Here, the two-stage method is proposed to achieve real-time 3D light-field display based on path tracing and image SR. To generate a 3D image fast, the first stage is to generate a low-resolution 3D image based on path tracing, which can provide a high-quality image with less time, and then a lite CNN based on GAN is used to super-resolve the low-resolution 3D image to a high-resolution 3D image in the second stage. In order to prevent crosstalk among different EIs, each EI is segmented and super-resolved individually with a well-trained CNN. To further accelerate the second stage, a foreground selection scheme based on ray casting is proposed to reduce the computation of SR. Finally, the output EIs are collected to synthesize the high-resolution 3D image. Experimental results demonstrate that the validation of our proposed method. Real-time 3D light-field display in 8K resolution can be realized over 30fps. Meanwhile, the SSIM value of the 3D images can be over 0.90. Therefore, it is believed that our method can contribute more to real-time 3D light-field display in the future.
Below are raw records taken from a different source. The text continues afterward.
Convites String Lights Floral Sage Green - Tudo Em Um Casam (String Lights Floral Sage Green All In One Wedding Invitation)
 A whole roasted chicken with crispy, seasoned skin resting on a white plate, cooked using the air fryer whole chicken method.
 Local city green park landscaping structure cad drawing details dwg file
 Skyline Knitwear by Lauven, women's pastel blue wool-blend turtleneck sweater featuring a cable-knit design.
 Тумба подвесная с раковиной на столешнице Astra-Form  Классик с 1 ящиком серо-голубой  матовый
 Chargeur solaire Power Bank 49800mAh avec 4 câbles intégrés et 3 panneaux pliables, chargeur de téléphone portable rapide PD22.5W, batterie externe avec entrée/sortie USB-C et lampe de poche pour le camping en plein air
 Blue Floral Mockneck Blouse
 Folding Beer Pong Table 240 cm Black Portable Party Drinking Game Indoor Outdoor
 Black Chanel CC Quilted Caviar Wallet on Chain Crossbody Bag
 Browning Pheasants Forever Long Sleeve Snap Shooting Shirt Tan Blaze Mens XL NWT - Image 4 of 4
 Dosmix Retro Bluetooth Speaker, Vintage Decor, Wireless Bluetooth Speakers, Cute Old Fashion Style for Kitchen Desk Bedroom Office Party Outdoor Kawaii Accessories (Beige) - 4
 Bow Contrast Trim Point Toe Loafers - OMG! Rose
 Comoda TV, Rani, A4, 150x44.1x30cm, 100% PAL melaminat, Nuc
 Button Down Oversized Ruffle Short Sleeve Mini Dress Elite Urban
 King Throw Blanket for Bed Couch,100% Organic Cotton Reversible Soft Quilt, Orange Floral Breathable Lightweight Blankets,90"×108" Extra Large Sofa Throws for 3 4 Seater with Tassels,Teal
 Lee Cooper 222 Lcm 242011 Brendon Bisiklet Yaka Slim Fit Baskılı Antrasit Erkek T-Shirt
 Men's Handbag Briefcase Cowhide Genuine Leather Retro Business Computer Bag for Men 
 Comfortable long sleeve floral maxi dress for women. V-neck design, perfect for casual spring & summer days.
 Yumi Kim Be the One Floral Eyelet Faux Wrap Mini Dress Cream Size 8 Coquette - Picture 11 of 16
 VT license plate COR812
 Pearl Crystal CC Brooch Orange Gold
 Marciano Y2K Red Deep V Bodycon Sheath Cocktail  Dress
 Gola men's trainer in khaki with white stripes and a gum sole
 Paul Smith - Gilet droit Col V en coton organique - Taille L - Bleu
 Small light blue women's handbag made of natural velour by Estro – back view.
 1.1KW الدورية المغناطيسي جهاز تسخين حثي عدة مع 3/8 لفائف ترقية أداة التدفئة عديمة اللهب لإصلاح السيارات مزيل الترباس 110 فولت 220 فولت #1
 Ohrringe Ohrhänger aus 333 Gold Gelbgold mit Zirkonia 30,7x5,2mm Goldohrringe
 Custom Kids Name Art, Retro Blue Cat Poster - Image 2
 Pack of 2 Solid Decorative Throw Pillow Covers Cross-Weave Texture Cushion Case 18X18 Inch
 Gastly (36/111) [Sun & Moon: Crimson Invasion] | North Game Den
The schematic comparison is shown in Fig. 1. In the traditional path tracing method, the high-resolution 3D image is directly generated using path tracing, as shown in Fig. 1(a). Since many rays are required for rendering, it is hard to achieve real-time 3D image generation at 8K resolution. Although the super-multiview integral imaging scheme proposed in [20] uses FSRCNN to up-sample the low-resolution 3D images, as shown in Fig. 1(b), it is not appropriate for real-time 3D image generation due to three problems. Firstly, an ECVIR-based algorithm is used to synthesize low-resolution 3D images, which takes much time on sub-aperture image generation with redundant spatial information. Secondly, although the FSRCNN is a real-time SR algorithm, its performance on image quality is not satisfactory. Thirdly, this method directly up-samples the low-resolution EIA into high-resolution EIA, which not only results in crosstalk among different EIs, but also incurs memory explosion at 8K resolution. Our method firstly utilizes path tracing for fast low-resolution 3D image generation, and a lite SR network based on GAN is proposed to perform real-time and high-quality image restoration simultaneously. Particularly, each EI is independently up-sampled to avoid possible perspective crosstalk and memory explosion. Furthermore, a selection strategy of foreground EIs is presented to improve the rendering performance based on ray casting, as shown in Fig. 1(c).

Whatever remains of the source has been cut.